> ASSIGNMENT
Every record below, from first to last, should be copied exactly; leave the pictures out.

Captioned web image data
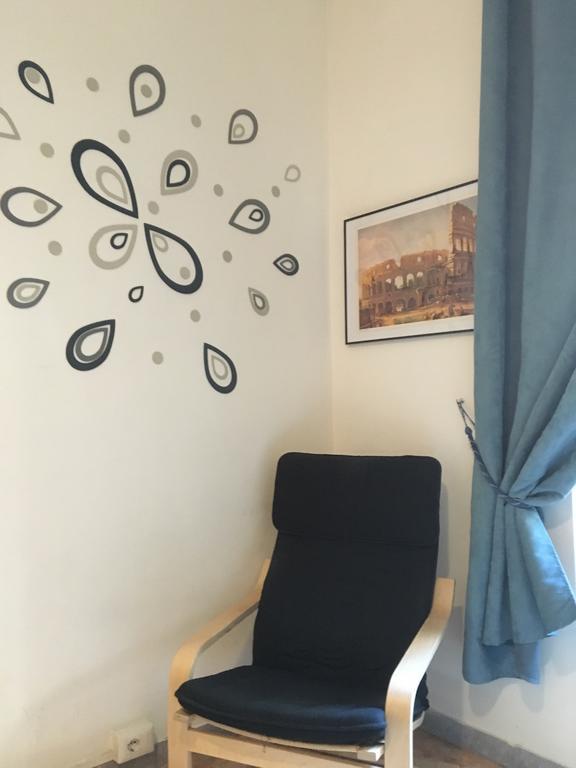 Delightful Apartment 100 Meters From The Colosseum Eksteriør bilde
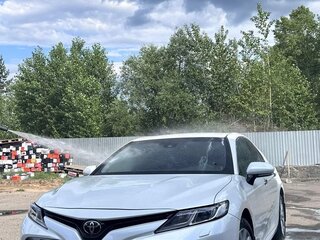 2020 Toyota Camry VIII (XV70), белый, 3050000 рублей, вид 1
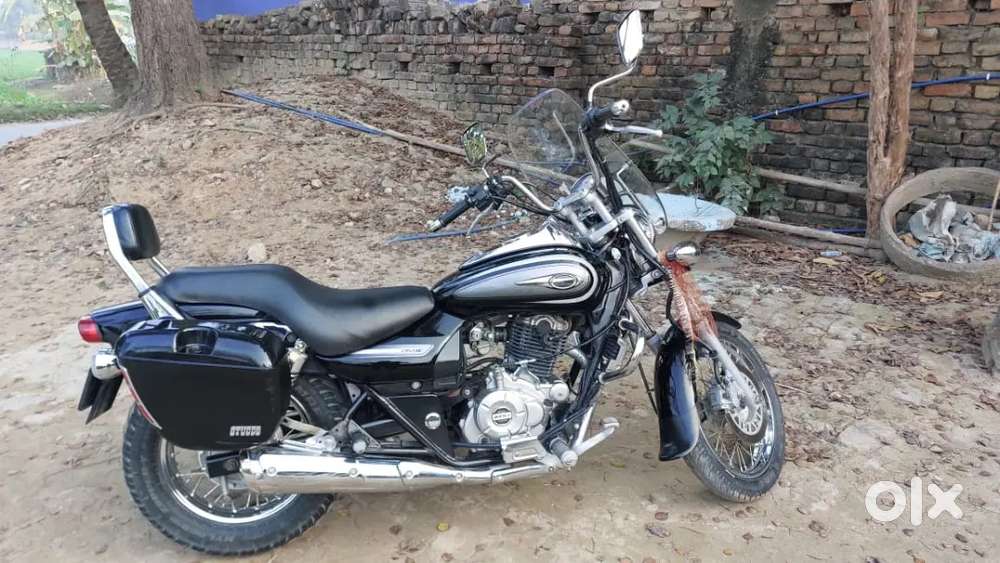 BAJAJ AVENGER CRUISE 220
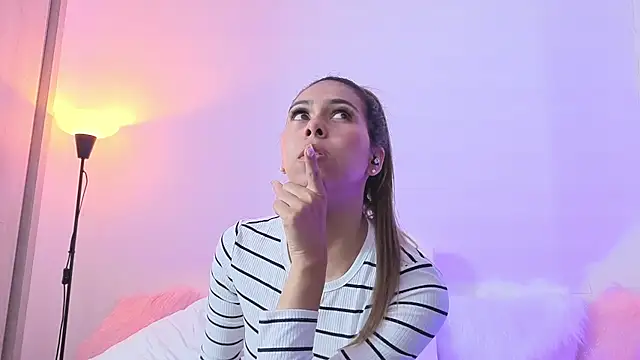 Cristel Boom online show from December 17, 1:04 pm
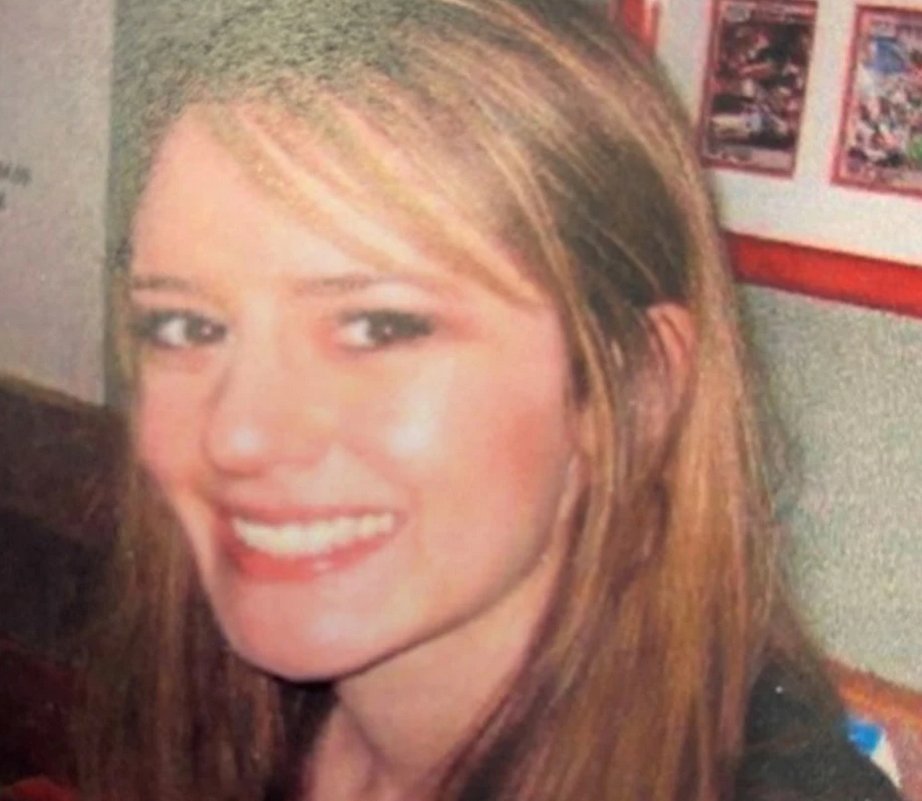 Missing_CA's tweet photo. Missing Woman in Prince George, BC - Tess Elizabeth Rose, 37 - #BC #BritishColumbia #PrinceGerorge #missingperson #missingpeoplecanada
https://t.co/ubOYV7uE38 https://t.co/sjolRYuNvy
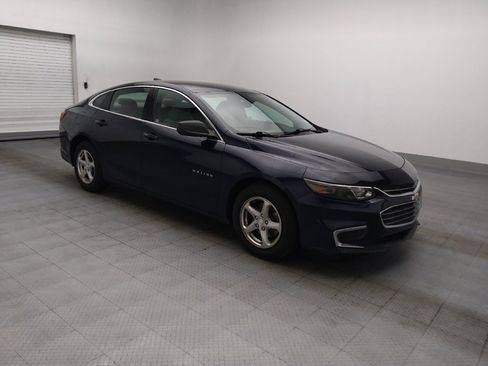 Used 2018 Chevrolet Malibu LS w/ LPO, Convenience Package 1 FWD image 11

> RESPONSE
 Delightful Apartment 100 Meters From The Colosseum Eksteriør bilde
 2020 Toyota Camry VIII (XV70), белый, 3050000 рублей, вид 1
 BAJAJ AVENGER CRUISE 220
 Cristel Boom online show from December 17, 1:04 pm
 Missing_CA's tweet photo. Missing Woman in Prince George, BC - Tess Elizabeth Rose, 37 - #BC #BritishColumbia #PrinceGerorge #missingperson #missingpeoplecanada
https://t.co/ubOYV7uE38 https://t.co/sjolRYuNvy
 Used 2018 Chevrolet Malibu LS w/ LPO, Convenience Package 1 FWD image 11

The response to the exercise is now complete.